Thursday at Festival d’été de Québec 2015: Musical Tourism

Music Features

Knowing that my Wednesday and Friday evenings in Quebec City would be spent seeing bands I’m already familiar with, I decided to dedicate Thursday to seeing foreign artists I’d be less likely to encounter back in the States. I thought I’d get a taste of Canadian and French culture (and I did), but I also was reminded that music is a melting pot.

It started with Grand Analog, a Canadian hip-hop group based out of Toronto that uses live instruments to blend jazz, reggae and R&B influences. I’ll be the first to admit that my knowledge of Canadian hip hop doesn’t extend very far past Drake, and I’m really glad I got a chance to see frontman Odario Williams and his band do their thing. Their crowd was a diverse one, particularly in terms of age—because they played on the Hydro Quebec Stage, one of the festival’s free outdoor venues, there were many families with small children as well as some older people looking to catch some complimentary live music.
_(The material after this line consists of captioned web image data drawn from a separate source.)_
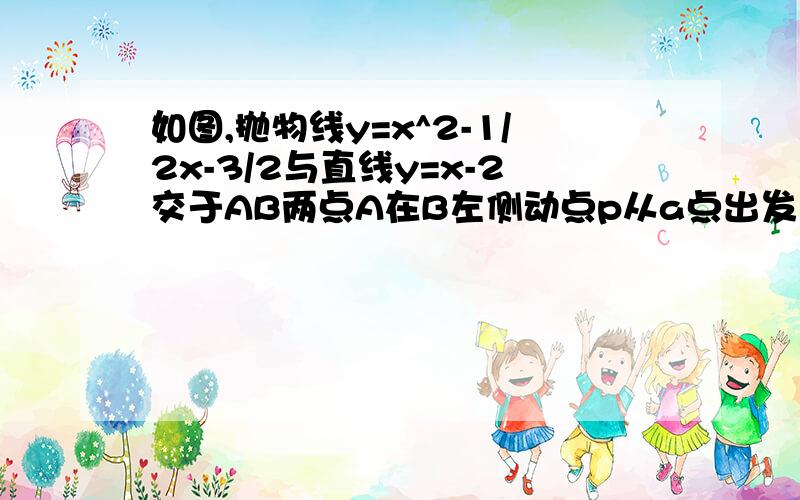 如图,抛物线y=x^2-1/2x-3/2与直线y=x-2交于AB两点A在B左侧动点p从a点出发先到达抛物线的对称轴上的某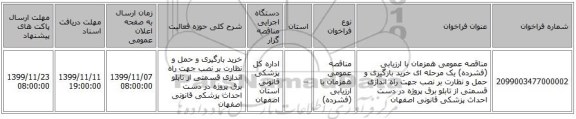مناقصه عمومی همزمان با ارزیابی (فشرده) یک مرحله ای خرید بارگیری و حمل و نظارت بر نصب جهت راه اندازی قسمتی از تابلو برق پروژه در دست احداث پزشکی قانونی اصفهان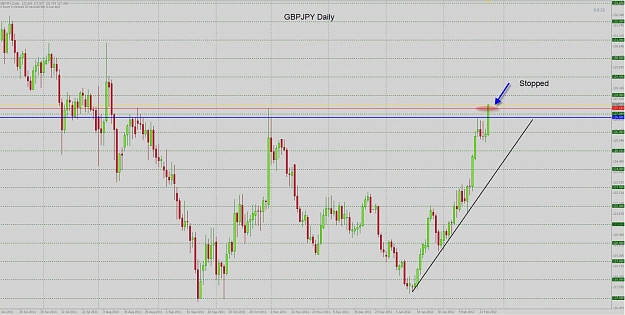 Click to Enlarge

Name: gbpjpy daily stopped.jpg
Size: 133 KB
Williams even singled out one man with an impressively long white beard by making the obvious Santa Claus comparison.

The thing is, though, when your sound is global, everyone can find something about it to like, and what wound up defining Grand Analog’s set for me was the amount of enthusiastic dancing coming from everyone in the crowd. It’s like they say in “Electric City”: “Music makes the world go round, we ain’t going nowhere.”
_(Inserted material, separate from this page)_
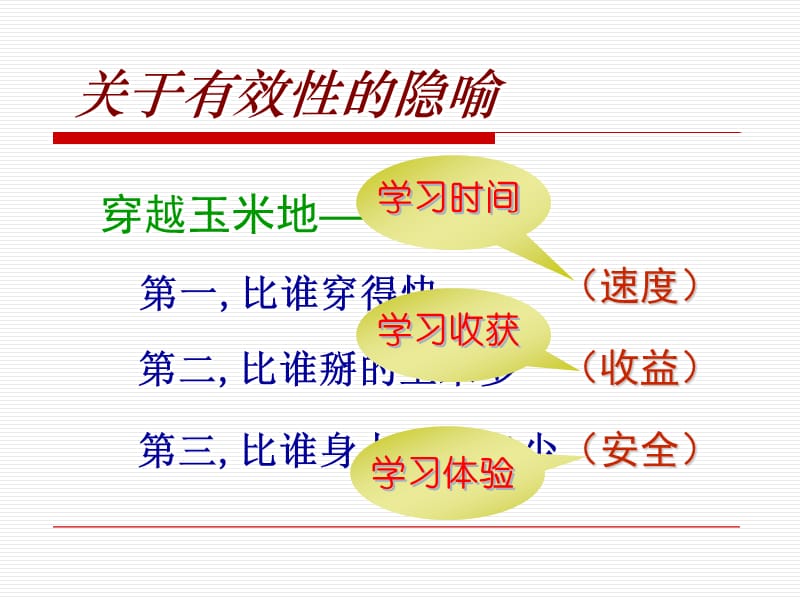 漫谈课堂教学的有效性.ppt_第3页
After Grand Analog’s set, I walked over to the Bell Stage for some more hip hop, this time of the French variety. I thought catching IAM’s headlining performance would give me a good sense of how the genre translates into their culture, particularly since the Marseille group has been at it since 1989. And as someone who doesn’t speak a word of French, I was curious to see whether or not I’d be able to pick out any meaning from their songs without understanding the lyrics. I found myself pulling context clues from their performance any chance I got—the lightsabers they wielded during one song seemed weird until the Star Wars theme was sampled later on in the track, and at one point a video playing behind them featuring images of Jay-Z, Hitler, lots of triangles and the Eye of Providence on the back of the American dollar prompted me to ask myself “Am I watching a song about the Illuminati right now?” (Some quick Googling confirmed that IAM member Akhenaton has a track called “Illuminachill.”)

But once again, the main takeaway from the set was that music is universal. IAM are a French group that uses a genre of American origin to address political and religious issues that affect people across the globe. Their stage names are all Egyptian, and they rap frequently about Africa. Asian themes creep into their sound, and Islamic ideology and iconography are huge components of their lyrics and image. I didn’t understand a word they said on Thursday night, and yet, I feel like I have an understanding of them, because music transcends language and culture. And that, as they say in Quebec, is tre bien.